What You'll Be Able to Do

By the end of this lesson, you will be able to:

  • explain what application sandboxing is and how it relates to Option B under Cyber Essentials 2026
  • review trusted app sources and app store controls
  • check app permission controls
  • identify sideloading
  • rooting and jailbreaking risks
  • review MDM/MAM controls

Why This Matters

The 2026 Cyber Essentials scheme recognises two malware protection options: anti-malware software (Option A, for Windows and macOS) and application allow-listing including app store controls (Option B, for all device types).
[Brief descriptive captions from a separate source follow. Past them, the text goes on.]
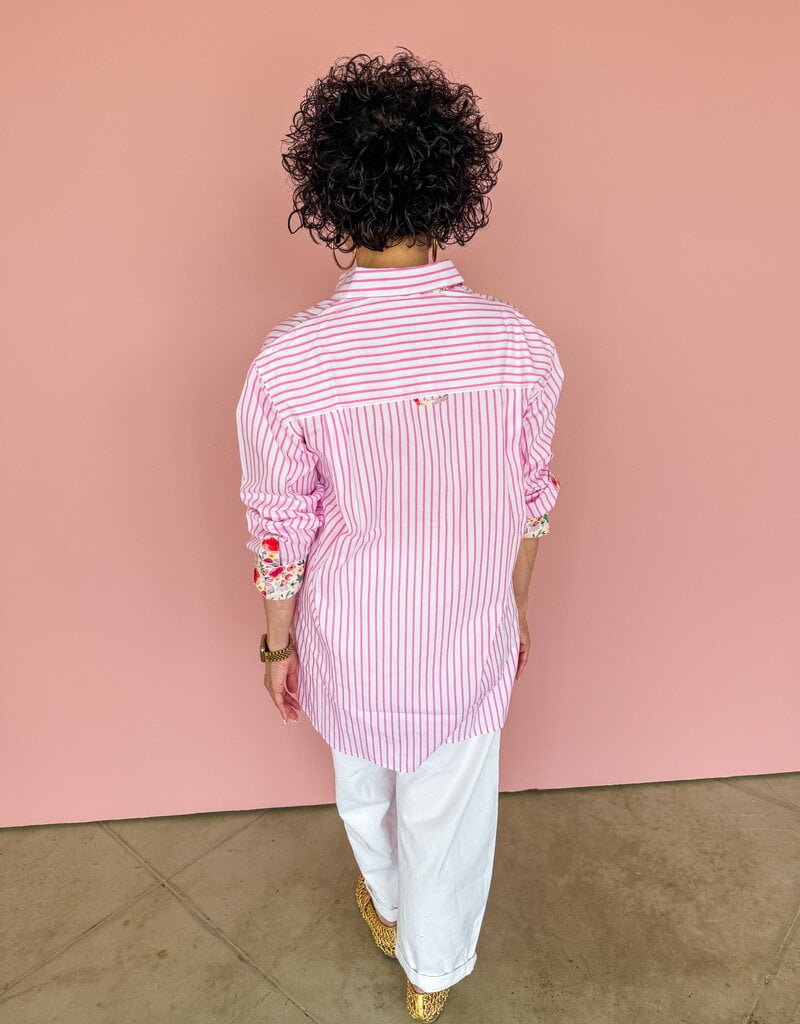 J.HOFFMAN'S Boyfriend Top- Pink Floral Trim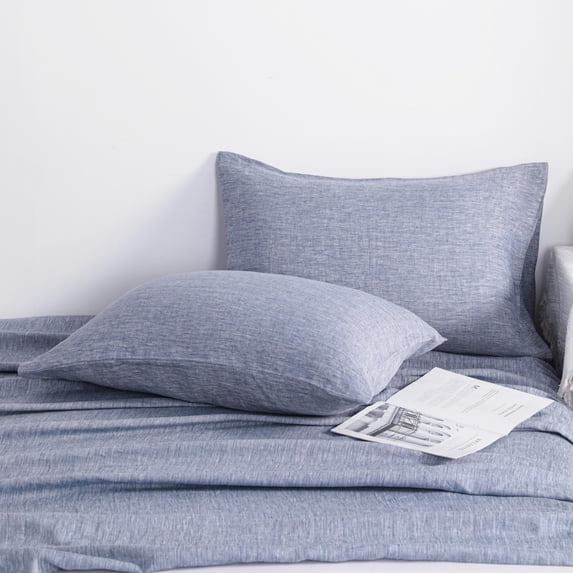 Lorviah Pillowcases Set of 2, 100% French Linen, Standard Size 20"x26", Ultra Soft Breathable Cooling Pillow Cases, Denim Blue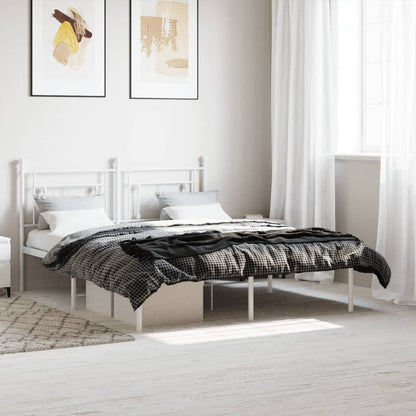 Estrutura de cama com cabeceira 160x200 cm metal branco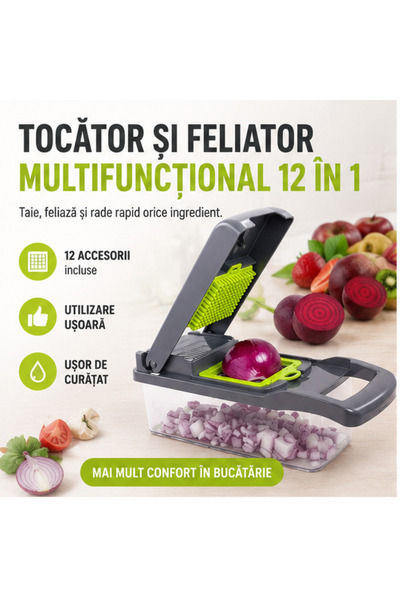 OEM Razatoare multifunctionala όσπρια si fructe 9 piese, lame inox + maner pr...
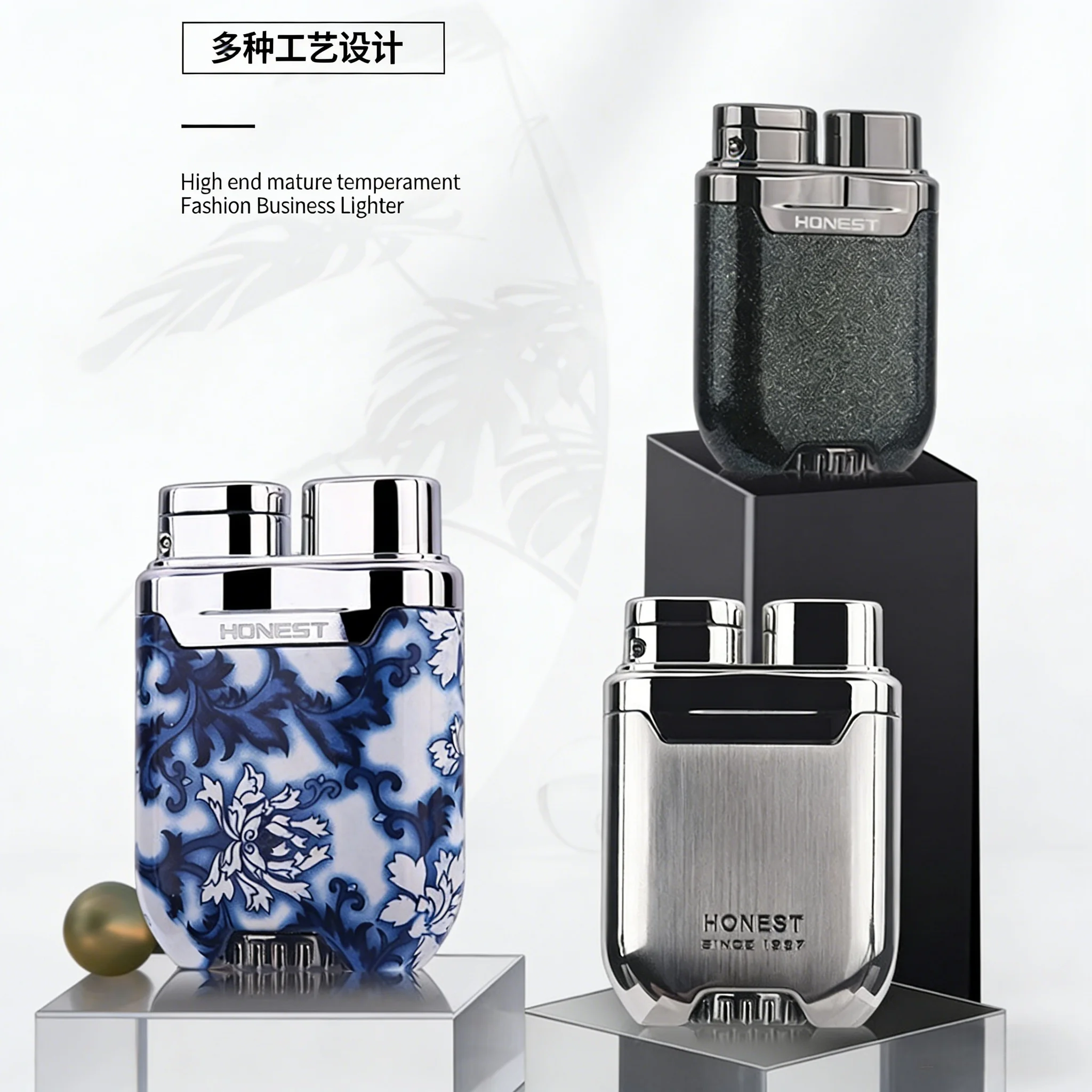 HONEST Nouveau Briquet Torche à Flamme Bleue Créatif, Plaqué Métal, Turbine Coupe-Vent, au Butane, Cadeau Haut de Gamme, Accessoires pour Fumeurs Hommes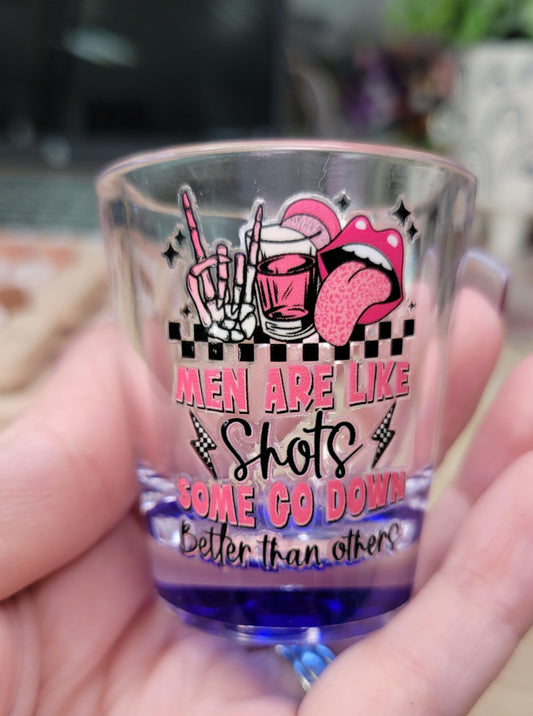 Men Are Like Shots Some Go Down Better Than Others 1.5oz Shot Glass - Purple - Simply Graced Mama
Sandboxing is not a separate third option — it is the technical foundation that makes Option B effective on mobile and tablet platforms.

The most common problems are:

  • assuming mobile devices are automatically safe;
  • relying on sandboxing while allowing sideloading from unknown sources;
  • allowing rooted or jailbroken devices;
  • allowing unsupported OS versions;

The Core Rule

Cyber Essentials 2026 has two malware protection options: anti-malware software (Option A, for Windows and macOS devices) and application allow-listing including app store controls (Option B, for all device types including mobiles and tablets).

Sandboxing is not a separate third option. It is the underlying mechanism that makes Option B effective on mobile platforms — iOS and Android restrict what apps can access by design, which is sandboxing in practice.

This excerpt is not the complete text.